Recovery procedure on a fault-tolerant agent or lower domain manager
If the Symphony file is corrupt on a lower level domain manager, or on a fault-tolerant agent, it can be replaced.
Complete removal and replacement of the Symphony file causes some loss of data. The following procedure minimizes that loss and indicates what is lost.
The procedure involves two agents, the agent where the Symphony file
is corrupt and its domain manager.
Note: Where the agent is a top level domain manager (below
the master), or a fault-tolerant agent in
the master domain, the manager is the master domain manager.
The procedure is as follows:
- On the domain manager, unlink the agent which is having the Symphony file problem.

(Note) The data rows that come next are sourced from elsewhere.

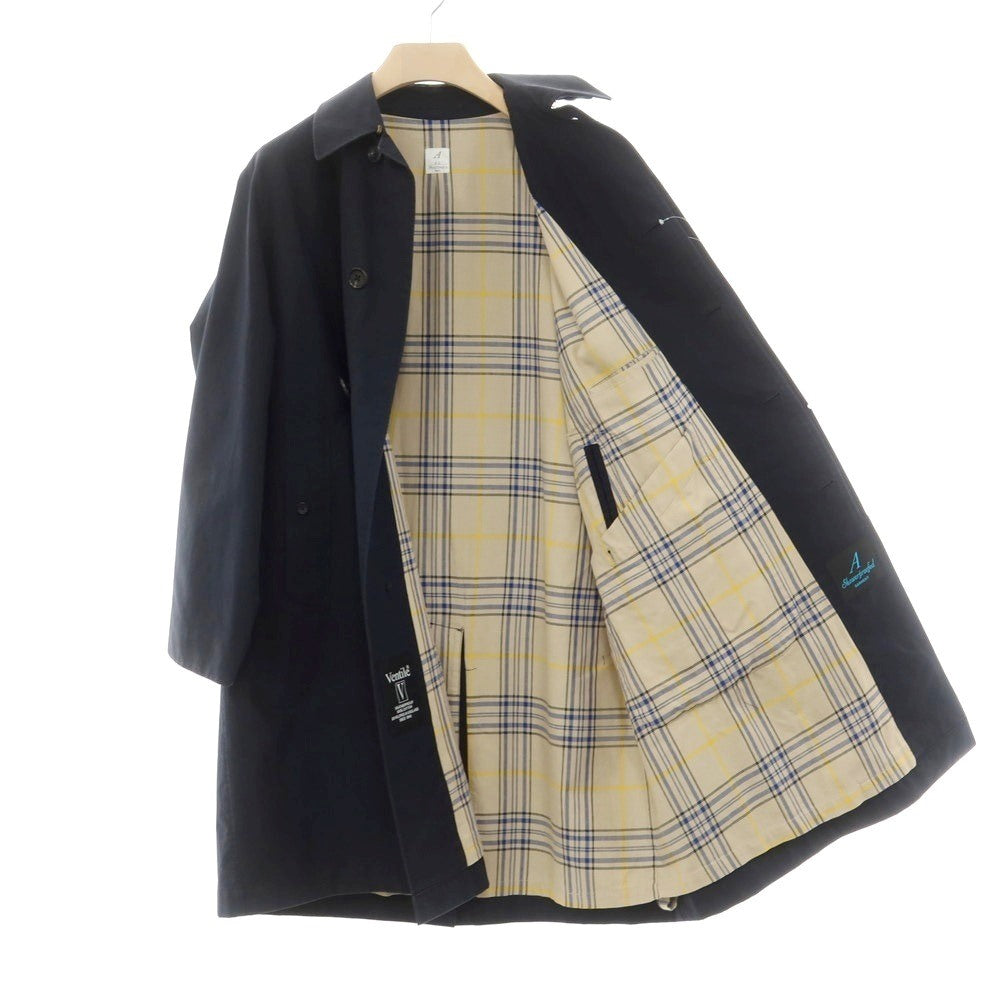 【中古】アナトミカ ANATOMICA ベンタイルコットン ステンカラーコート ダークネイビー【 44 】【 状態ランクC 】【 メンズ 】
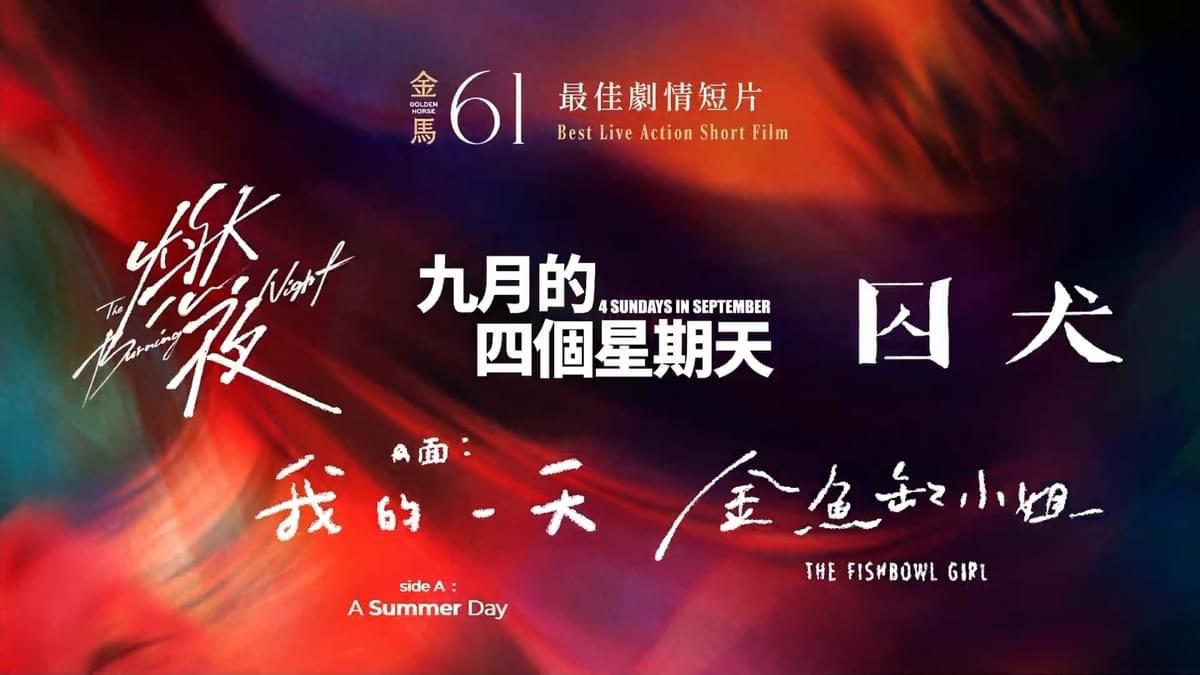 2024第61屆金馬獎入圍得獎名單,四大獎項臺灣全面潰敗 - 第4張圖 2024第61屆金馬獎入圍得獎名單,四大獎項臺灣全面潰敗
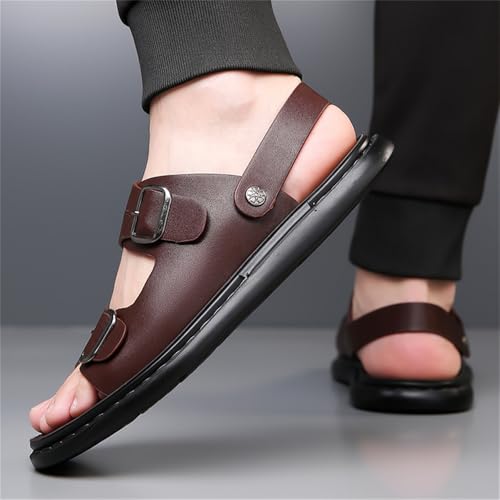 Men's Beach Sandals with Adjustable Buckle Strap Outdoor Slippers Summer Slip On Fisherman Sandals for Men4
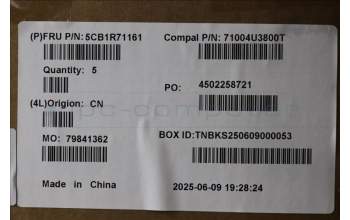 Lenovo 5CB1R71161 C-Cover with keyboard, Portuguese, Luna Grey, UK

- On the agent do the following:
- Stop the agent if it has not yet failed. You do not need to shut it down.
- Delete the Symphony and the Sinfonia files from the agent workstation. Alternatively you can move them to a different location on the agent workstation, or rename them.

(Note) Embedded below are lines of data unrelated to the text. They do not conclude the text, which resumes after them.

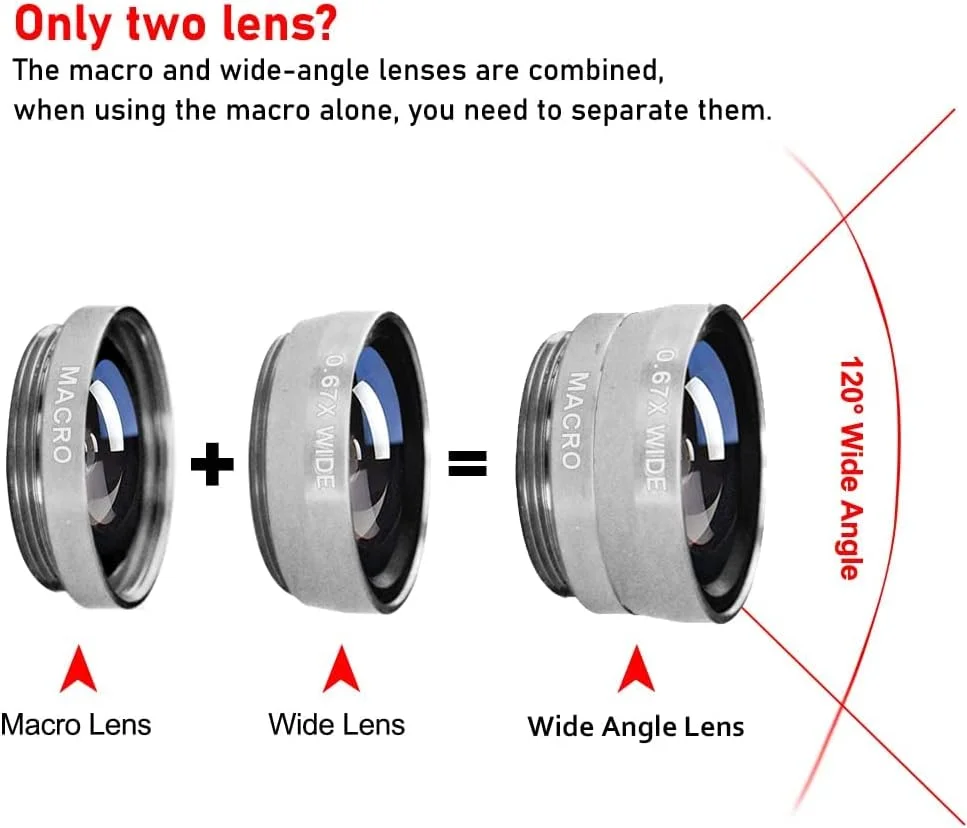 کیت لنز دوربین موبایل یونیورسال 3 در 1 ای وینر، لنز چشم ماهی 180 درجه / لنز واید انگل 0.67X / لنز ماکرو 25X / گیره لنز سازگار با آیپد، آیفون، سامسونگ، اندروید و اکثر تلفن های هوشمند (نقره ای) کیت لنز دوربین موبایل یونیورسال 3 در 1 ای وینر، لنز چشم ماهی 180 درجه / لنز واید انگل 0.67X / لنز ماکرو 25X / گیره لنز سازگار با آیپد، آیفون، سامسونگ، اندروید و اکثر تلفن های هوشمند (نقره ای)
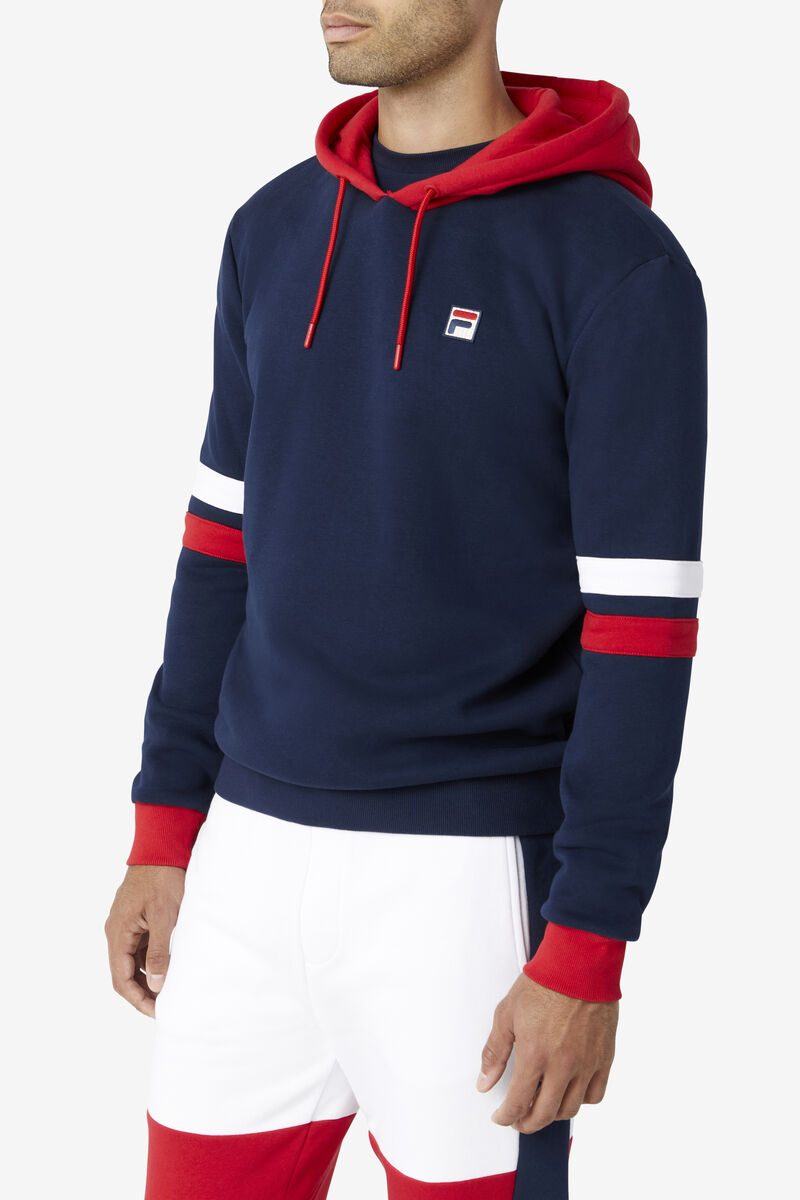 Fila Hurley Hoodie Navy / Red / White | BdOrVwWr2cw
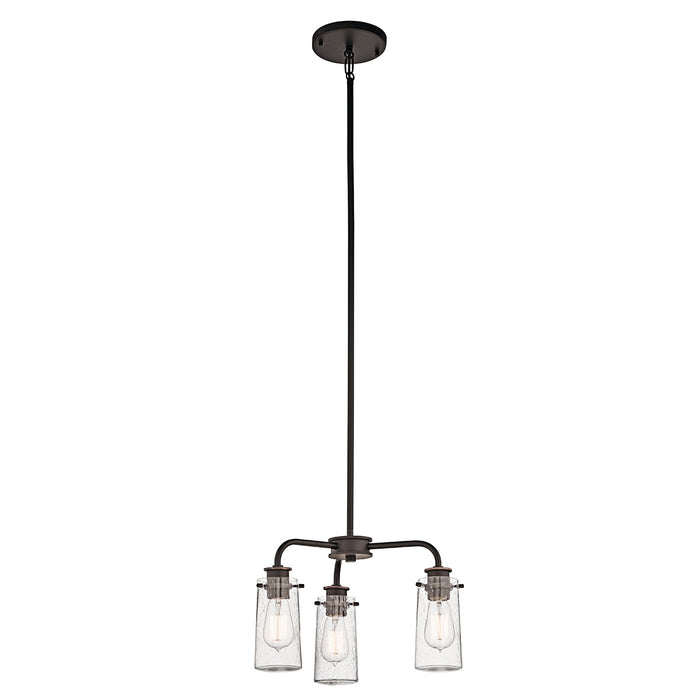 Kichler 43057 Braelyn 3-lt Chandelier/Semi Flush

- On the domain manager do
the following:
- Back up the Sinfonia file if you want to be able to restore the original situation after completion. This is not an obligatory step, and no problems have been reported from not performing it.

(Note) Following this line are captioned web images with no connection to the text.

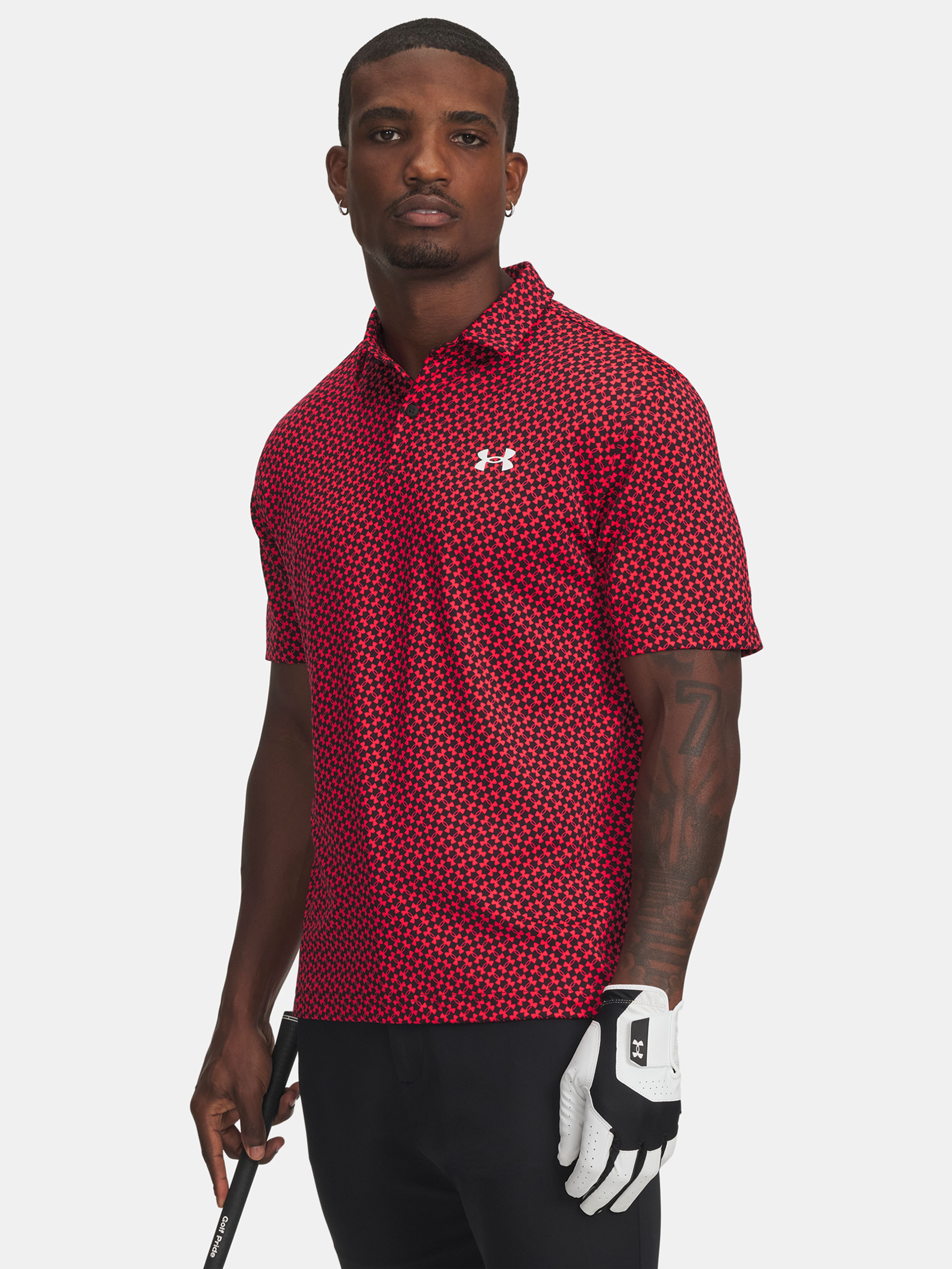 Férfi póló Under Armour UA T2G Printed Polo-RED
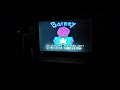 Opening Closing Of Barney Round Round We Go VHS From 2002
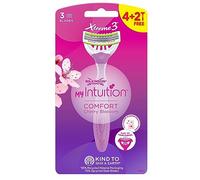 Wilkinson Sword - MyIntuition Comfort Xtreme 3 - Disposable Razor - 3 Flexible Blades Razor for Women - Swivel Head - 2 Lubricating Strips - 4+2 Pack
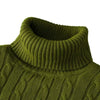 High Neck Solid Color Pullover Knitted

- Ensure that no agent is linking with the domain manager, optionally stopping the domain manager agent.
- Copy the Symphony file on the domain manager to the Sinfonia file, replacing the existing version.
- Restart the domain manager agent if necessary.
- Link the agent and wait for the Symphony file to copy from the domain manager to the agent. The agent automatically starts.
- Optionally restore the Sinfonia file from the backup you took in step 3.a. This restores the original situation, but with the agent now having an uncorrupted Symphony file. This is not an obligatory step, and no problems have been reported from not performing it.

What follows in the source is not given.